§ REQUIRED ACTION
Please give back the listing exactly, without any of its pictures.

§ GIVEN MATERIAL
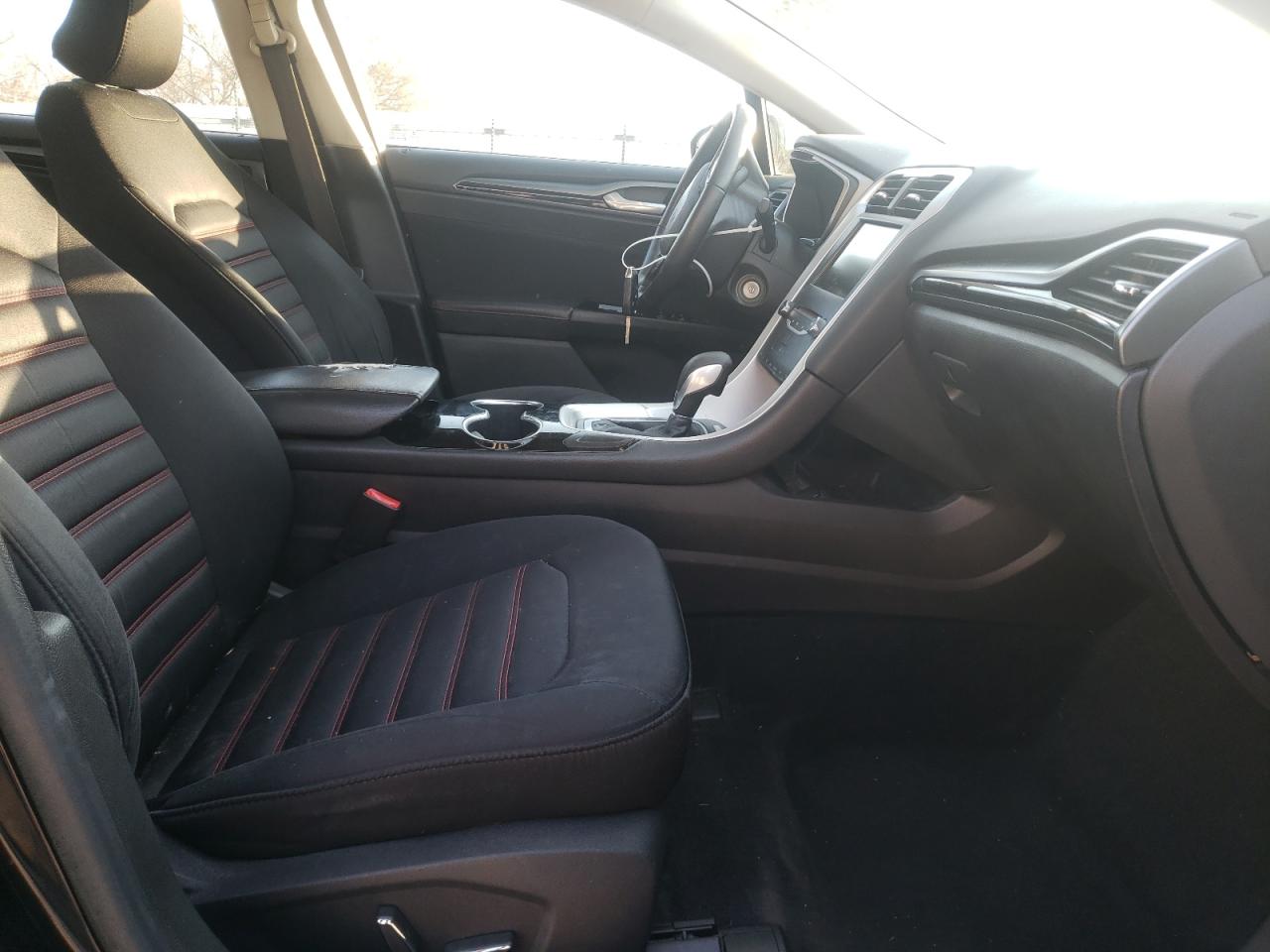 Photo 5 from auction – 2015 FORD FUSION SE with VIN 3FA6P0HD2FR273890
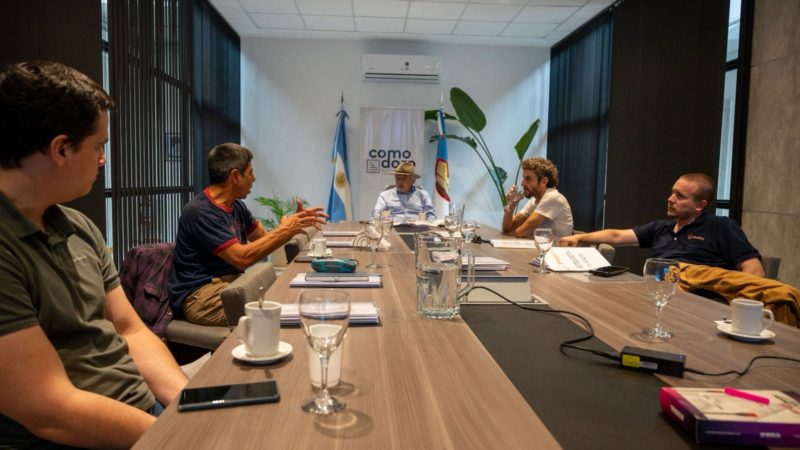 Othar recibió a las empresas que elaboraron un proyecto para avanzar con la obra del camino ARA San Juan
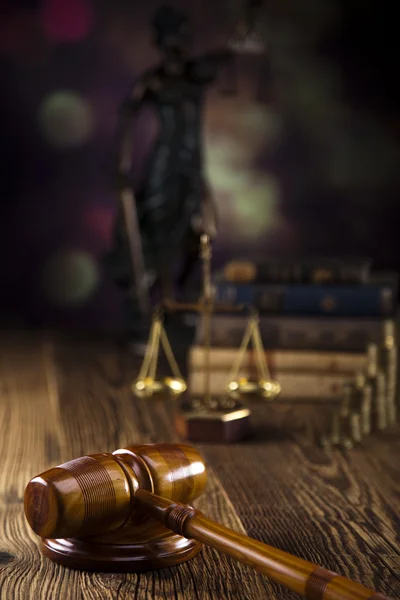 Soudci dřevěné kladívko a právní knihy — Stock fotografie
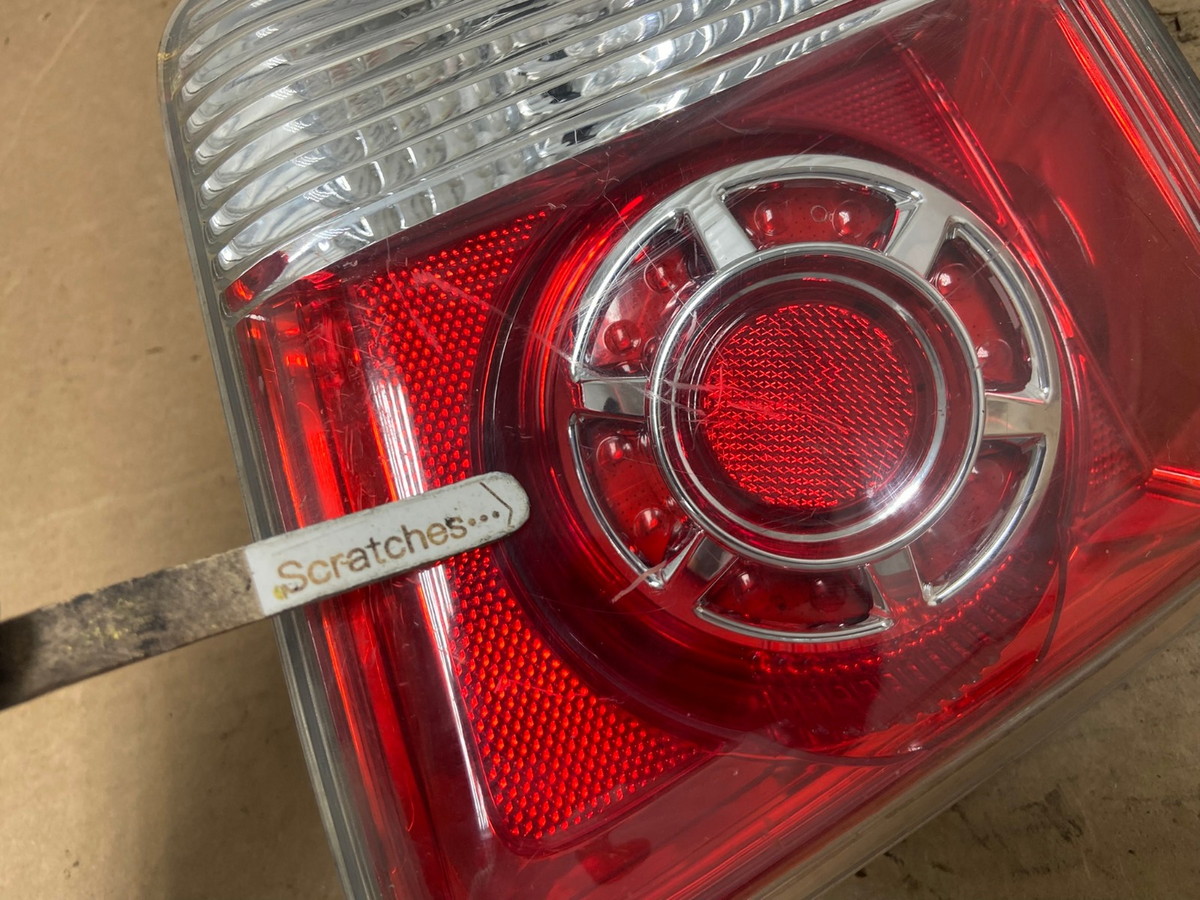 2007 to 2012 GMC Acadia Right Passenger Rh Hatch Tail Light Inner AH9202 LK3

§ TASK ANSWER
 Photo 5 from auction – 2015 FORD FUSION SE with VIN 3FA6P0HD2FR273890
 Othar recibió a las empresas que elaboraron un proyecto para avanzar con la obra del camino ARA San Juan
 Soudci dřevěné kladívko a právní knihy — Stock fotografie
 2007 to 2012 GMC Acadia Right Passenger Rh Hatch Tail Light Inner AH9202 LK3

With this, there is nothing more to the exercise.